The Utah Patients Coalition is arguing it deserves official standing in the lawsuit, saying in its motion that "neither named party can adequately protect (the campaign's) interest because both plaintiffs and defendants are publicly opposed to the initiative."

The motion is referring to Cox's public political opposition to what is in the initiative, though in August 2017 his office granted approval to the campaign to begin signature gathering after determining it met basic state standards that say an initiative may not be "nonsensical or patently unconstitutional."

"The initiative's survival is at stake in this case and as a practical matter (Utah Patients Coalition) cannot protect its interest without intervention," the motion claims.

Drug Safe Utah's lawsuit in 3rd District Court asks that Cox be prohibited from certifying the medical marijuana initiative for the November ballot, claiming that doing so would violate the Utah and United States constitutions.

"(The initiative) would legalize the drug known as marijuana or cannabis, which is a Schedule I controlled substance under federal law," Drug Safe Utah's complaint says. "On its face, the initiative clashes with governing federal law and, therefore, places the state in violation of the U.S. Constitution's Supremacy Clause, which makes federal law the 'supreme law of the land.'"

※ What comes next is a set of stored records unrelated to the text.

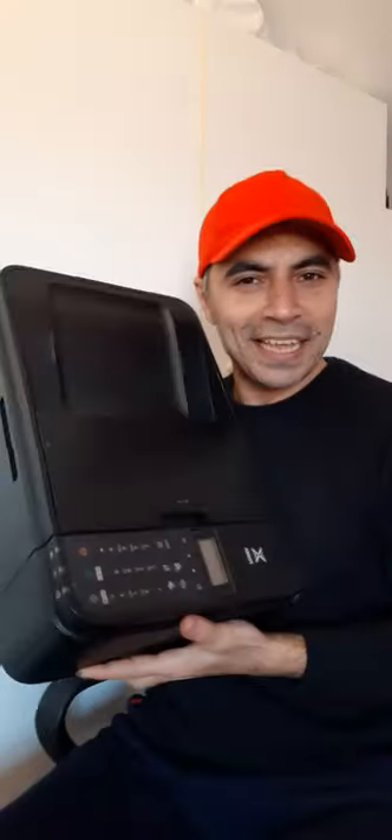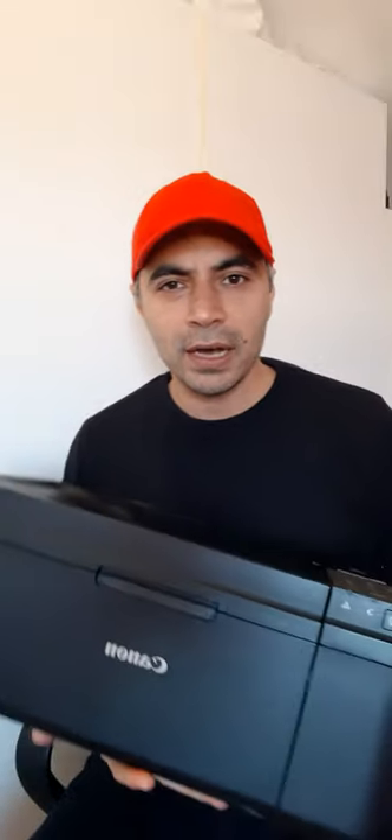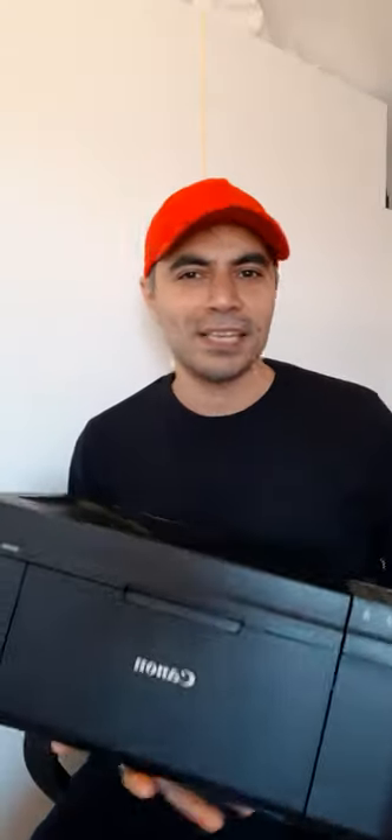Hi everyone, hope you're well. In today's video I have this Canon printer, photocopier, and scanner — it is not for sale, it is absolutely free, a giveaway for the winner. To apply to get this Canon printer, photocopier, and scanner for free, you will have to subscribe to my channel — that red button that says subscribe — please subscribe and leave a comment.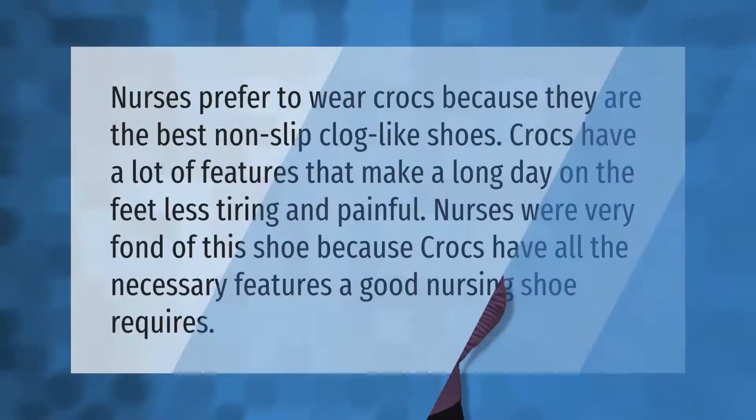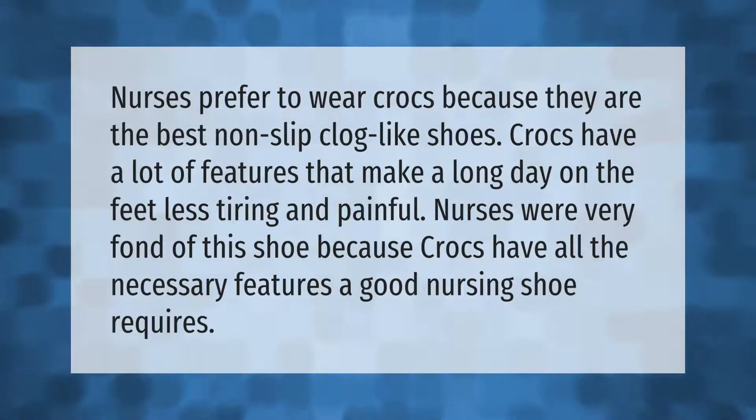Nurses prefer to wear Crocs because they are the best non-slip, clog-like shoes. Crocs have a lot of features that make a long day on the feet less tiring and painful. Nurses are very fond of this shoe because Crocs have all the necessary features a good nursing shoe needs.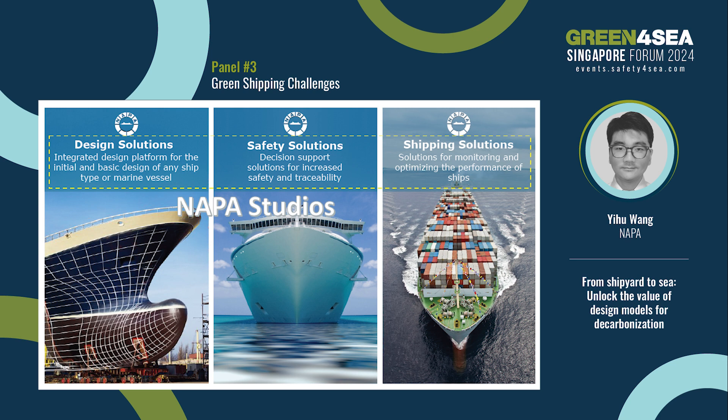Napa has three business entities. Design Solutions develops software for designers to do basic design — it is actually the focal point of the industry standard, as 95% of ship tonnages are built by Napa customers. Safety Solutions is software for operational safety, like loading computers and e-logbooks. And Shipping Solutions is software for operational efficiencies. We also have a special unit called Napa Studio, which offers consultant services to maritime stakeholders.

The lawsuit claims that "legalizing whole-plant marijuana in any form — even for 'medicinal' purposes — would undoubtedly increase its use among Utahns, especially young Utahns."

"In so doing, such legalization would leave in its wake an ocean of human lives shattered by addiction, and a mountain of additional costs to be borne by Utah's taxpayers and families."

The lawsuit indicates the Drug Safe Utah political issues committee is doing the legal bidding of the Coalition for a Safe and Healthy Utah nonprofit, whose members include the Utah Medical Association, Utah Eagle Forum, Sutherland Institute and Utah Chiefs of Police, among others.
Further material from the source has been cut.